- [Dataset records]
*** Block opens ***

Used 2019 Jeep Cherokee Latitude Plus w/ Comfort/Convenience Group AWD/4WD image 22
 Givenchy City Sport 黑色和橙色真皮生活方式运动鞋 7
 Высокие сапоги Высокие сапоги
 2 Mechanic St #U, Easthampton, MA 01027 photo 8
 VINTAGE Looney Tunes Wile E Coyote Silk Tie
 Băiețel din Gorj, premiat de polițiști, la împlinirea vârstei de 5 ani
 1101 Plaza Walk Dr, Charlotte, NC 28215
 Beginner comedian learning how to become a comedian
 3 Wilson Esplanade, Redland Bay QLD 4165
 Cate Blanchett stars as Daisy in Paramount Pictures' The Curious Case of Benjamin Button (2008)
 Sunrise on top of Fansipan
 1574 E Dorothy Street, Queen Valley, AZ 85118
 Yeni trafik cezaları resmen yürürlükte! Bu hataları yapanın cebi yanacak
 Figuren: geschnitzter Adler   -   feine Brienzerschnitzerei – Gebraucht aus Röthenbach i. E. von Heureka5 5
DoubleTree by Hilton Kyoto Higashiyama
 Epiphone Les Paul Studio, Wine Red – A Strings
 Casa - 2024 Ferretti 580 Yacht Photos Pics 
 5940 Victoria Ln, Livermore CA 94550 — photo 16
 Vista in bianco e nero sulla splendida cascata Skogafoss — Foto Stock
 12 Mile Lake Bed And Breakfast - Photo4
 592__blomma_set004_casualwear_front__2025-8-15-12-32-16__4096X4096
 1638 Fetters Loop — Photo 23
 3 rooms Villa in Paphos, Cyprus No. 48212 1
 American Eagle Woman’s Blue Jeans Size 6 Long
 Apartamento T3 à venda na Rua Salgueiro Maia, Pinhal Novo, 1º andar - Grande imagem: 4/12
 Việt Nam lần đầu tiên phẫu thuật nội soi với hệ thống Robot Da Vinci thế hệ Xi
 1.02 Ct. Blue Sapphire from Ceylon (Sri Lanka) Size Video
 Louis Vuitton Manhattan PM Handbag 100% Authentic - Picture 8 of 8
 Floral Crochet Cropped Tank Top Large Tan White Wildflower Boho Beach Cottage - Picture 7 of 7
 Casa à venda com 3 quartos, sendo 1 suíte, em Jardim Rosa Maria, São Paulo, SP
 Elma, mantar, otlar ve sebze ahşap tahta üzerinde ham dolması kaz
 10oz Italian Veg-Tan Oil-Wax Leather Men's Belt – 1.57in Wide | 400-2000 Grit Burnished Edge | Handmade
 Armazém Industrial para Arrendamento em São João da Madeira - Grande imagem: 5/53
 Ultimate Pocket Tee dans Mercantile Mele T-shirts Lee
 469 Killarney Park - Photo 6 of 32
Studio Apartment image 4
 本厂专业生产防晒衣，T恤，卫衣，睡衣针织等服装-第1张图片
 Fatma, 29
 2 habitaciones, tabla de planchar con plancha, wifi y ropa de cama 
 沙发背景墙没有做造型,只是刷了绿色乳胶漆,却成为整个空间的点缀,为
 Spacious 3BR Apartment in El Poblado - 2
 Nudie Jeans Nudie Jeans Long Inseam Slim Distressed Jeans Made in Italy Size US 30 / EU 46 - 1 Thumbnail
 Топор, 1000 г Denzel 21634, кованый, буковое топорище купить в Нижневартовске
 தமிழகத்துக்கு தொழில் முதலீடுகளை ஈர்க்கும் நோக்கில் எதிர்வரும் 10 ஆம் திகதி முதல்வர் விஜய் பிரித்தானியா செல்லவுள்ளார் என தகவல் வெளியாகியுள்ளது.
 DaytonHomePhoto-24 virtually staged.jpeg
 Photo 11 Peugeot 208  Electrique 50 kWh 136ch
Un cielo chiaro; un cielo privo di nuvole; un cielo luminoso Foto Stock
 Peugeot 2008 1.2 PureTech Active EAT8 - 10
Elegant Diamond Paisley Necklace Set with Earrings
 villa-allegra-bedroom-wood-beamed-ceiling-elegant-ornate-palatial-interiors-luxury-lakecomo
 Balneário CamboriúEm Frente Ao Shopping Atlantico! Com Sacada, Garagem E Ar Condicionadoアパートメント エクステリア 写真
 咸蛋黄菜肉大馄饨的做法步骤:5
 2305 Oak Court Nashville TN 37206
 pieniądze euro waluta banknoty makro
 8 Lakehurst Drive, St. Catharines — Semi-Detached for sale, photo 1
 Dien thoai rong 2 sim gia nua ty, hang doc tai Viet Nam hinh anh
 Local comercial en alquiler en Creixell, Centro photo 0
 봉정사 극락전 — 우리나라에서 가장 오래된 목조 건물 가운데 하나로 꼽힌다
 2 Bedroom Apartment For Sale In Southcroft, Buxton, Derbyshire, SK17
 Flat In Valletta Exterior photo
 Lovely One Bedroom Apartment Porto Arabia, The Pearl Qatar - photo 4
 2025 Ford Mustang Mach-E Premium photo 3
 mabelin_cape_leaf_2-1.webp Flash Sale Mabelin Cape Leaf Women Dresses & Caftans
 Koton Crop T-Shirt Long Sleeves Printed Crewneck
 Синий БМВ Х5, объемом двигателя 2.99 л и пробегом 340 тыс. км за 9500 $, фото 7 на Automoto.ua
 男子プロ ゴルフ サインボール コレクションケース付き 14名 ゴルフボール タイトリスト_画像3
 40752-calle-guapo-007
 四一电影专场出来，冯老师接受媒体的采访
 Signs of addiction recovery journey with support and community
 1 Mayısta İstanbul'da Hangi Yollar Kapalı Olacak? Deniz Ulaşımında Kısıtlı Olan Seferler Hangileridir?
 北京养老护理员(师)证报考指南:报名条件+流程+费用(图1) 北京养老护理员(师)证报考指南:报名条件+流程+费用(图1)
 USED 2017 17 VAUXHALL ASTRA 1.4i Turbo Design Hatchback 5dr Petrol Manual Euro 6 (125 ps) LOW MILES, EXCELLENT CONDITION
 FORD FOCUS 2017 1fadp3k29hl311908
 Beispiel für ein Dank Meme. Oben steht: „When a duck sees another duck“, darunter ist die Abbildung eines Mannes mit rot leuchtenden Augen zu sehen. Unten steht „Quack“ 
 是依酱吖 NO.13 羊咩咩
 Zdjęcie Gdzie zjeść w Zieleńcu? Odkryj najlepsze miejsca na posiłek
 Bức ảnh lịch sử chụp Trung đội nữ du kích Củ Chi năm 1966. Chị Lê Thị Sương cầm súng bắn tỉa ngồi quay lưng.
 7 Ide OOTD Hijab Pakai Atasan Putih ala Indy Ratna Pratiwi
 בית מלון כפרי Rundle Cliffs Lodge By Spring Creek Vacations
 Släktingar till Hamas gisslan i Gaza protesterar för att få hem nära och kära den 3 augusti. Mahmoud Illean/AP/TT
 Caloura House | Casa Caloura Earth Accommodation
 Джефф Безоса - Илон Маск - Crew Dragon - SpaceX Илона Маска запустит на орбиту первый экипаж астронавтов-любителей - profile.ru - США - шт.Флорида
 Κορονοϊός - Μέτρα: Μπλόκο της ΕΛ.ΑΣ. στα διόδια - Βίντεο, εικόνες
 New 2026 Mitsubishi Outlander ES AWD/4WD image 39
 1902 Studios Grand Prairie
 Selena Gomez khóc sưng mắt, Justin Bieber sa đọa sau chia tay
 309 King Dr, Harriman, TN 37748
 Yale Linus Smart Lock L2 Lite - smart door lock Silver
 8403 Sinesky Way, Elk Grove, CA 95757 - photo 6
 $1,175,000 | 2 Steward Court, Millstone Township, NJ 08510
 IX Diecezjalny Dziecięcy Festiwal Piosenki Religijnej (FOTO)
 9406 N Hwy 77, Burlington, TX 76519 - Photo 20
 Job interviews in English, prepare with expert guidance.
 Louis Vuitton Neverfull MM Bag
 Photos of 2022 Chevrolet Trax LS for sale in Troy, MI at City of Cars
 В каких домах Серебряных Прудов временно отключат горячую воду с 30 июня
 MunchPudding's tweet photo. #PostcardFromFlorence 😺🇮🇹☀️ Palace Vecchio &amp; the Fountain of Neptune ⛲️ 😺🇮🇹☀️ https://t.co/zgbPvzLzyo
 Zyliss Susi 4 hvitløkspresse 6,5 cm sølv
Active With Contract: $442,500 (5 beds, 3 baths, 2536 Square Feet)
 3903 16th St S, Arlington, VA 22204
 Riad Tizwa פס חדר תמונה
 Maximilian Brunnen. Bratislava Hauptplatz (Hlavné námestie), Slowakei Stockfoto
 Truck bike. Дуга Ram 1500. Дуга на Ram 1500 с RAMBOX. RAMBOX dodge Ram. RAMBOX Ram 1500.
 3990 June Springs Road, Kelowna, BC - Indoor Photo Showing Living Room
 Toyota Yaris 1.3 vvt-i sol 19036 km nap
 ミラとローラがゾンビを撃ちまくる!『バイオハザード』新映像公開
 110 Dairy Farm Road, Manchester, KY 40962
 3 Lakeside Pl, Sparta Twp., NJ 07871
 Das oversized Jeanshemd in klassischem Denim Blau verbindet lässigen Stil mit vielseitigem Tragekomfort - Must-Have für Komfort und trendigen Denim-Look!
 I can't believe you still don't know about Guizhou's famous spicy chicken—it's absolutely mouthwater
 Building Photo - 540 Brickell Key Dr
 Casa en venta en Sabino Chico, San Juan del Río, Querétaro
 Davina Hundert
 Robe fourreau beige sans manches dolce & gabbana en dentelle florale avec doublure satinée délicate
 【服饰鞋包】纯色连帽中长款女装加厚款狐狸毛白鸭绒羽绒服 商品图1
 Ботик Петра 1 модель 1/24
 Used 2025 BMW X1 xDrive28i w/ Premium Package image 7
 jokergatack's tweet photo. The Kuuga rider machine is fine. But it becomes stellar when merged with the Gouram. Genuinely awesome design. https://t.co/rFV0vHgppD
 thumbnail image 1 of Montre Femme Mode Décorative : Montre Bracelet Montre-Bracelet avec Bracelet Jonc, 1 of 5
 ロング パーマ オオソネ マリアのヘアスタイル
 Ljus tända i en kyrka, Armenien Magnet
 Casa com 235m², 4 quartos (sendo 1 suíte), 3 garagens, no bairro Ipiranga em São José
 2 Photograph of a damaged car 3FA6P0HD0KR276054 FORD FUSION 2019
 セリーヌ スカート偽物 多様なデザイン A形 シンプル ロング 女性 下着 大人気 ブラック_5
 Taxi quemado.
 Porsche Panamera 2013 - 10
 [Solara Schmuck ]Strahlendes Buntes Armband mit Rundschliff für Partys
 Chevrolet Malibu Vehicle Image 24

*** Block closes ***

- [What is being asked]
Set down nothing but the lines from the one containing "Louis Vuitton Neverfull MM Bag" through the final line above, exactly as written.

- [Task output]
 Louis Vuitton Neverfull MM Bag
 Photos of 2022 Chevrolet Trax LS for sale in Troy, MI at City of Cars
 В каких домах Серебряных Прудов временно отключат горячую воду с 30 июня
 MunchPudding's tweet photo. #PostcardFromFlorence 😺🇮🇹☀️ Palace Vecchio &amp; the Fountain of Neptune ⛲️ 😺🇮🇹☀️ https://t.co/zgbPvzLzyo
 Zyliss Susi 4 hvitløkspresse 6,5 cm sølv
Active With Contract: $442,500 (5 beds, 3 baths, 2536 Square Feet)
 3903 16th St S, Arlington, VA 22204
 Riad Tizwa פס חדר תמונה
 Maximilian Brunnen. Bratislava Hauptplatz (Hlavné námestie), Slowakei Stockfoto
 Truck bike. Дуга Ram 1500. Дуга на Ram 1500 с RAMBOX. RAMBOX dodge Ram. RAMBOX Ram 1500.
 3990 June Springs Road, Kelowna, BC - Indoor Photo Showing Living Room
 Toyota Yaris 1.3 vvt-i sol 19036 km nap
 ミラとローラがゾンビを撃ちまくる!『バイオハザード』新映像公開
 110 Dairy Farm Road, Manchester, KY 40962
 3 Lakeside Pl, Sparta Twp., NJ 07871
 Das oversized Jeanshemd in klassischem Denim Blau verbindet lässigen Stil mit vielseitigem Tragekomfort - Must-Have für Komfort und trendigen Denim-Look!
 I can't believe you still don't know about Guizhou's famous spicy chicken—it's absolutely mouthwater
 Building Photo - 540 Brickell Key Dr
 Casa en venta en Sabino Chico, San Juan del Río, Querétaro
 Davina Hundert
 Robe fourreau beige sans manches dolce & gabbana en dentelle florale avec doublure satinée délicate
 【服饰鞋包】纯色连帽中长款女装加厚款狐狸毛白鸭绒羽绒服 商品图1
 Ботик Петра 1 модель 1/24
 Used 2025 BMW X1 xDrive28i w/ Premium Package image 7
 jokergatack's tweet photo. The Kuuga rider machine is fine. But it becomes stellar when merged with the Gouram. Genuinely awesome design. https://t.co/rFV0vHgppD
 thumbnail image 1 of Montre Femme Mode Décorative : Montre Bracelet Montre-Bracelet avec Bracelet Jonc, 1 of 5
 ロング パーマ オオソネ マリアのヘアスタイル
 Ljus tända i en kyrka, Armenien Magnet
 Casa com 235m², 4 quartos (sendo 1 suíte), 3 garagens, no bairro Ipiranga em São José
 2 Photograph of a damaged car 3FA6P0HD0KR276054 FORD FUSION 2019
 セリーヌ スカート偽物 多様なデザイン A形 シンプル ロング 女性 下着 大人気 ブラック_5
 Taxi quemado.
 Porsche Panamera 2013 - 10
 [Solara Schmuck ]Strahlendes Buntes Armband mit Rundschliff für Partys
 Chevrolet Malibu Vehicle Image 24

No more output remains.